Now, if you felt more on the safe side using a non-recursive lock, how would such a bug manifest itself? In a deadlock whenever unexpected re-entrance occurs.
And with a recursive lock? The same way, it would manifest itself in code without any locks.
So the evil part of EvilFoo are the events and how they are implemented, not so much a recursive lock. fireChangedEvent() would need to first create a copy of changedEventHandlers and use that for iteration, for starters.
Another aspect often coming into the discussion is the definition of what a lock is supposed to do in the first place:
Protect a piece of code from re-entrance
Protect a resource from being used concurrently (by multiple threads).

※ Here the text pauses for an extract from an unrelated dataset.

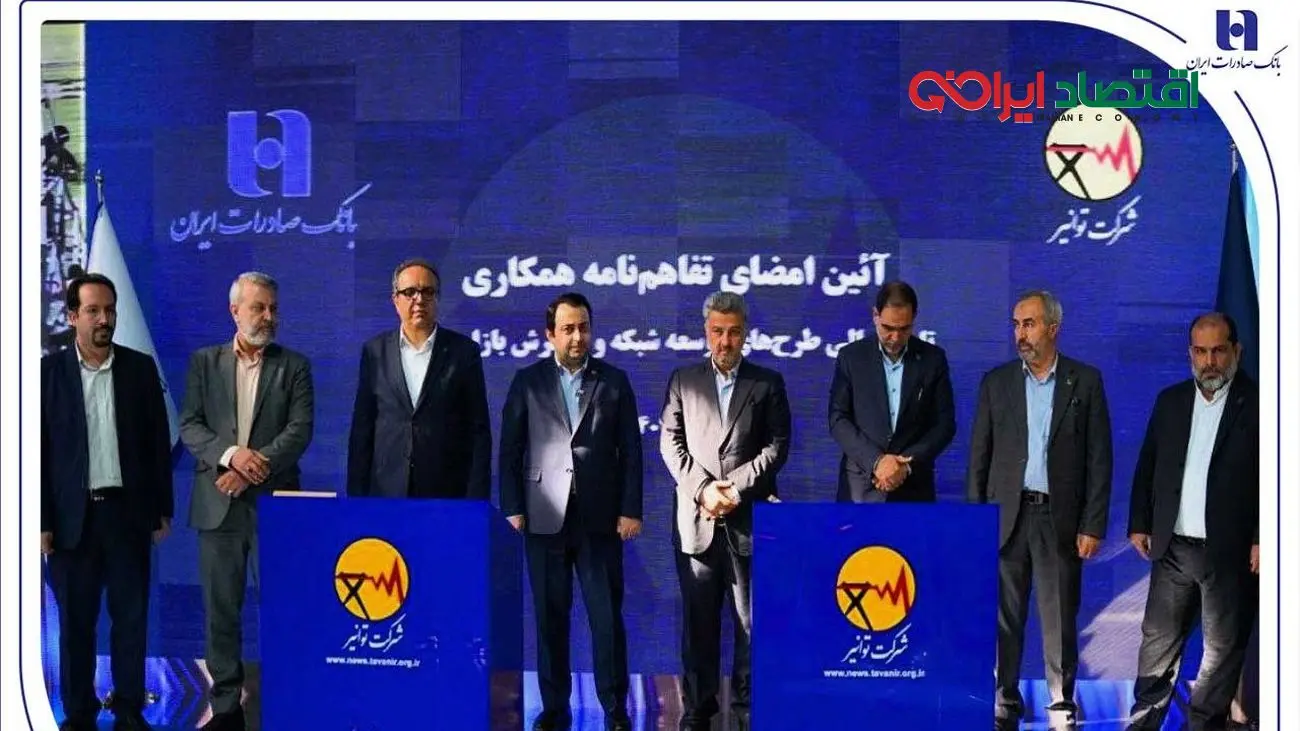 تفاهم‌نامه همکاری بانک صادرات ایران و توانیر برای چهارمین سال پیاپی تمدید شد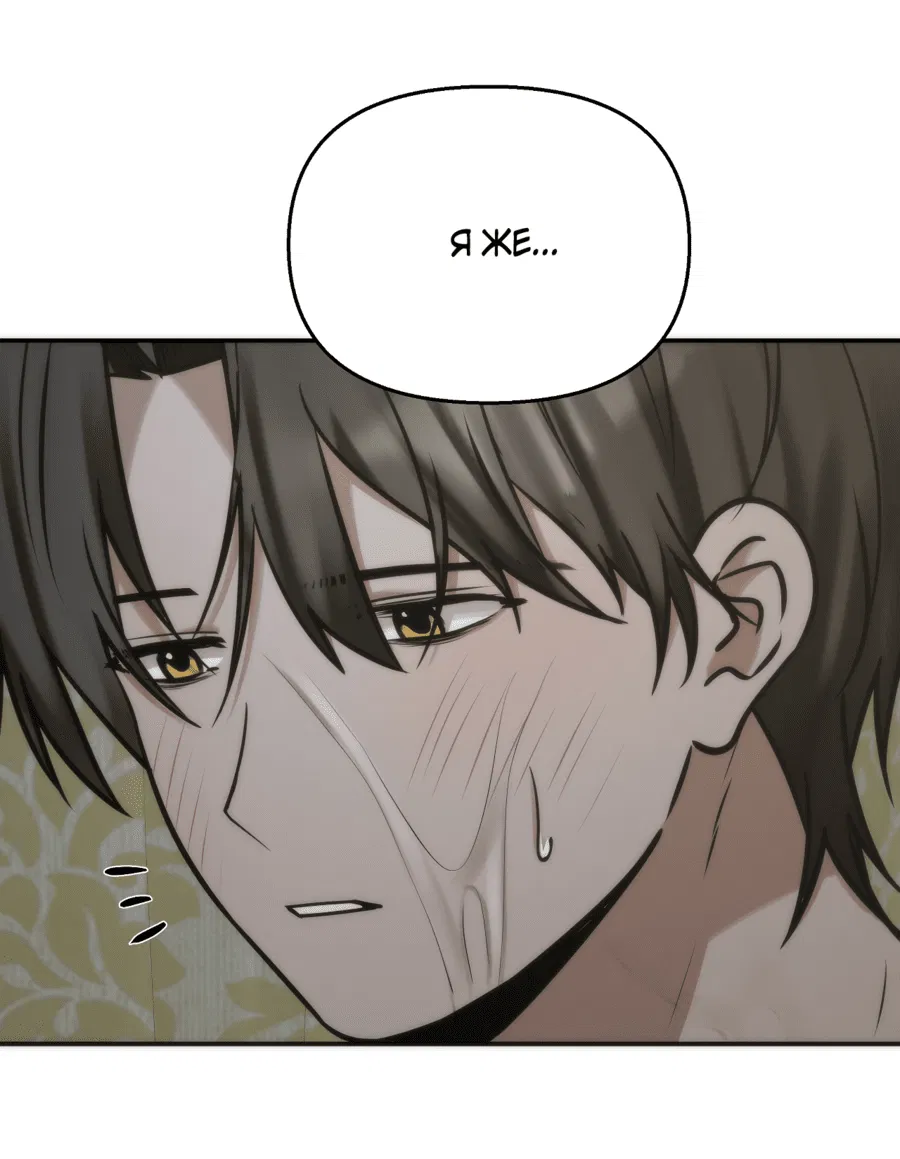 Манга Хёу: утренний дождь - Глава 10 Страница 43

The way I do my concurrent programming, I have a mental model of the latter (protect a resource). This is the main reason why I am good with recursive locks. If some (member) function needs locking of a resource, it locks. If it calls another (member) function while doing what it does and that function also needs locking - it locks. And I don't need an "alternate approach", because the ref-counting of the recursive lock is quite the same as if each function wrote something like:
void EvilFoo::bar() {
auto_lock lock(this); // this->lock_holder = this->lock_if_not_already_locked_by_same_thread())
// do what we gotta do
// ~auto_lock() { if (lock_holder) unlock() }
}
And once events or similar constructs (visitors?!) come into play, I do not hope to get all the ensuing design problems solved by some non-recursive lock.